Hannahs: ISU got bad break

WHEELING — It was not the outcome he had hoped for; as a result, Mitch Hannahs left Nashville with a sense of disappointment. He felt his team was dealt a bad hand.

The Skyvue High athletic legend is the head coach of the Indiana State baseball team. The Sycamores qualified for the NCAA Tournament, being placed in the Nashville Regional along with powerhouse Vanderbilt, Ohio State and McNeese State.

Indiana State opened the double-elimination event with a win over McNeese State before losing to Vandy, the nation’s No. 2-ranked team.

The Sycamores bounced back and eliminated the Buckeyes before being ousted by the Commodores.

Indiana State ended a brilliant season with a 43-18 mark, capturing the Missouri Valley Conference Tournament title along the way.

“We knew going into the regional it was going to be tough. We realize how good Vanderbilt is. They beat us in the regular season and they play very well at home,” he said. “What is disappointing is when we looked around at the other regionals, we felt we could have done really well in several of them.

“When we won our conference tournament it probably bumped us from a high No. 3 seed to a low No. 2 seed, which ironically may have hurt us by placing us in Nashville,” he added. “But all in all it was a positive experience for our program. It will help us down the road.”

Hannahs said beating Ohio State in the regionals took on no added significance.

“Other than being an elimination game, beating them (Ohio State) was no big deal,” Hannahs noted. “We play a lot of Big 10 teams in the regular season. To have our program where it needs to be we must be able to compete with the Big 10 schools.”

This marked the seventh time Hannahs guided his alma mater to the NCAA Tournament. The Sycamores last qualified for the event in 2014.

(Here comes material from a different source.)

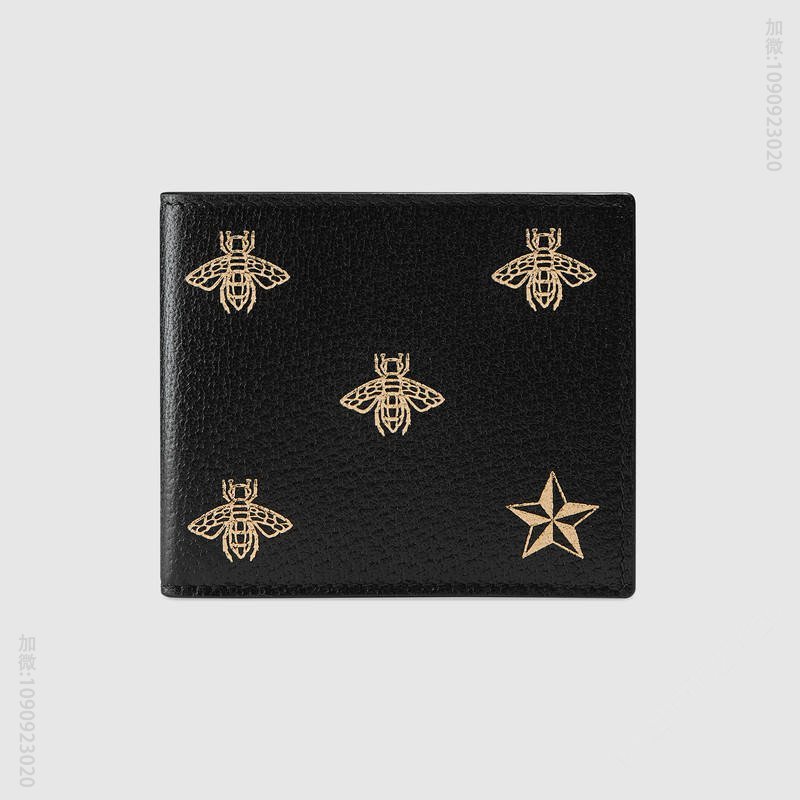 495055 Gucci钱包 蜜蜂星星图案 古驰皮革钱包 短款双折钱夹 黑色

“Making the NCAA Tournament was one of our goals going into this season,” he added. “We had a veteran group capable of doing some good things. I would have been disappointed if we didn’t make the tourney.”

While the Sycamores will lose some talented and veteran performers, Hannahs is not looking at next season as a rebuilding one.

“The turnover of players really hurts. We are losing a lot of kids who have been through the wars. Now a lot of those kids next year haven’t been in the fight,” Hannahs offered. “I just found out our shortstop was drafted in the 27th round by the Cleveland Indians. So that will be a big loss.

“But we feel like we can teach them some things and coach them up. We do have some talent returning,” he added. “We will spend most of the summer recruiting. Then we get a little break before school starts.”

Hannahs scripted a prep career of epic proportions. He helped lead Skyvue to the state tournament in both basketball and baseball.

Hannahs, now age 51, went on to script a Hall of Fame baseball career at Indiana State.

Hannahs served as an assistant coach at Indiana State under legendary head coach Bob Warn, coaching the Sycamores from 1995-99 and again in 2001. He then became head coach at Lincoln Trail College in Robinson, Ill., for nine seasons where he led the Statesmen to regional titles in 2005 and 2007, and the Great Rivers Athletic Conference championship in 2006 and 2007.

His playing days at Indiana State were nothing short of star-studded.

A four-year letter-winner from 1986-89, Hannahs finished his career on the diamond with a .376 batting average, 274 hits, 34 doubles, 23 triples, 11 home runs, 220 runs scored, 138 runs batted in and 77 stolen bases. An American Baseball Coaches Association and Baseball America All-American in 1989, Hannahs led the team with a .428 batting average, 101 hits and 76 runs scored in his senior season as the Sycamores claimed the Missouri Valley Conference Tournament championship.

It came as no surprise that Hannahs was inducted into the 19th Indiana State University Athletics Hall of Fame in 2010. After his stellar ISU career, he was a 16th round draft pick of the Milwaukee Brewers, playing in their farm system from 1989-93.

Hannahs is the second winningest coach in Indiana State baseball history.